The service, based on hacks that the company’s game developers used to improve their productivity when using online chat to communicate, publicly launched just 10 weeks ago. What distinguishes Slack—and has earned it good reviews in the tech industry—is its ability to integrate chat with automated alerts and information delivered by ”bots.” (Data and alerts from external services pop up in chat streams, and users can also easily program the software robots to reply when a user types a specific keyword.)
The service is intuitive, highly functional, and even has a sense of humor. (The internal error page admits to a sense of “self loathing” for asking you to refresh your browser.) We spoke to Butterfield in March, and he outlined then why he thinks Slack works so well, particularly for the technical community and developers, which have been the biggest early adopters. That includes teams at big firms such as Adobe, as well as startups like Rdio and Medium. Overall, there are 60,000 daily users.
Slack creates searchable chat streams for entire teams, small groups, and individuals in one window, and integrates a wide variety of other services. It also syncs across desktop and mobile devices. Competitors include HipChat, Yammer, and Campfire, as well as newer companies like Convo. Slack is currently free (and plans to remain so), though to archive and search more than 10,000 messages requires a premium subscription.
Most office workers, especially those in the knowledge industry, feel overwhelmed by the sheer number of communication services we use, including email, instant messaging, social media, and project management software. And as soon as we stand up from our desks, that tangle of communications transfers to our mobile devices. But the modern technology worker has it even worse—many of those communications aren’t even from humans, and those often require quick response.
“You get live alerts from application performance-monitoring software, crash reports from mobile apps, alerts from continuous integration testing tools, all that kind of stuff—on top of feedback coming in in real time via Twitter and customer-feedback forms, along with competitor information,” Butterfield says. “There’s just a huge volume of data.”
In Slack, one of these automated alerts—a customer support ticket from ZenDesk, for example, or a request for help via Twitter—could show up in team’s group chat. That way, it’s right there for people to discuss and respond to quickly where they’re already working and talking.
By way of example, Butterfield said that there are about 2,000 messages a day written by humans in Slack at his company. Another 6,000 more are generated automatically by machines. With such a high volume of information, having it all in one place, ordered, highly searchable, and with human chat layered on top helps make a fragmented and overwhelming amount of communication easier to deal with.
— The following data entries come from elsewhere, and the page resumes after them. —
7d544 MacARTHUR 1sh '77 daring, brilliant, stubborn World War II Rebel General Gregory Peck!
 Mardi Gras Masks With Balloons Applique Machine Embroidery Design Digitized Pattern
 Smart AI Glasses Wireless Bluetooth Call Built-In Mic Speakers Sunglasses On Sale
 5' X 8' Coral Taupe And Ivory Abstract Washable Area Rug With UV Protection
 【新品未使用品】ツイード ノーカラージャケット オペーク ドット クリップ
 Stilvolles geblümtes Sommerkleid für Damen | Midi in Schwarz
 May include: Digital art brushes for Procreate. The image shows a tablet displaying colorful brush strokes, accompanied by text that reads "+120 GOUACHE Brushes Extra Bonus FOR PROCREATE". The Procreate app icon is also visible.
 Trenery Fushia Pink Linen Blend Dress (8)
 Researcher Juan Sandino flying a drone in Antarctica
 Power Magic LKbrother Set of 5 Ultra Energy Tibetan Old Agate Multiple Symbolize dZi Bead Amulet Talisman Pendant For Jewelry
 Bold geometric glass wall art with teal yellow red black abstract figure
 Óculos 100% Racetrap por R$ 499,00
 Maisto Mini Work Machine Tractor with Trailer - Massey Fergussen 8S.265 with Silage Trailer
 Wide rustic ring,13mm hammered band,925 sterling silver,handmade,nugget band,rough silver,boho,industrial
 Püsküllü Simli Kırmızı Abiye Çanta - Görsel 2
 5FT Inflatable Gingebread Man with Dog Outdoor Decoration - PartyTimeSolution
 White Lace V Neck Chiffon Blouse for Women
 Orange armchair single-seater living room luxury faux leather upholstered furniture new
And it’s not just for tech companies. The platform is also popular in newsrooms for many of the reasons developers like it—for helping organize long lists of links, interesting tweets, headlines, and the updates that are part of digital journalism. (Quartz’s staff uses it.)
Slack is certainly having its moment, and many will initially jump on the service because they’ve heard about a friend or competitor using it. What remains to be seen is whether this application will become a permanent part of offices’ communications infrastructure, instead of a brief experiment.
And while Slack seems to be gaining ground in the small companies or teams within companies that are using it, it remains to be seen whether the system can scale up for a company with hundreds or thousands of employees. To do that, it will probably need to develop new capabilities to communicate across teams, as well as enhanced security.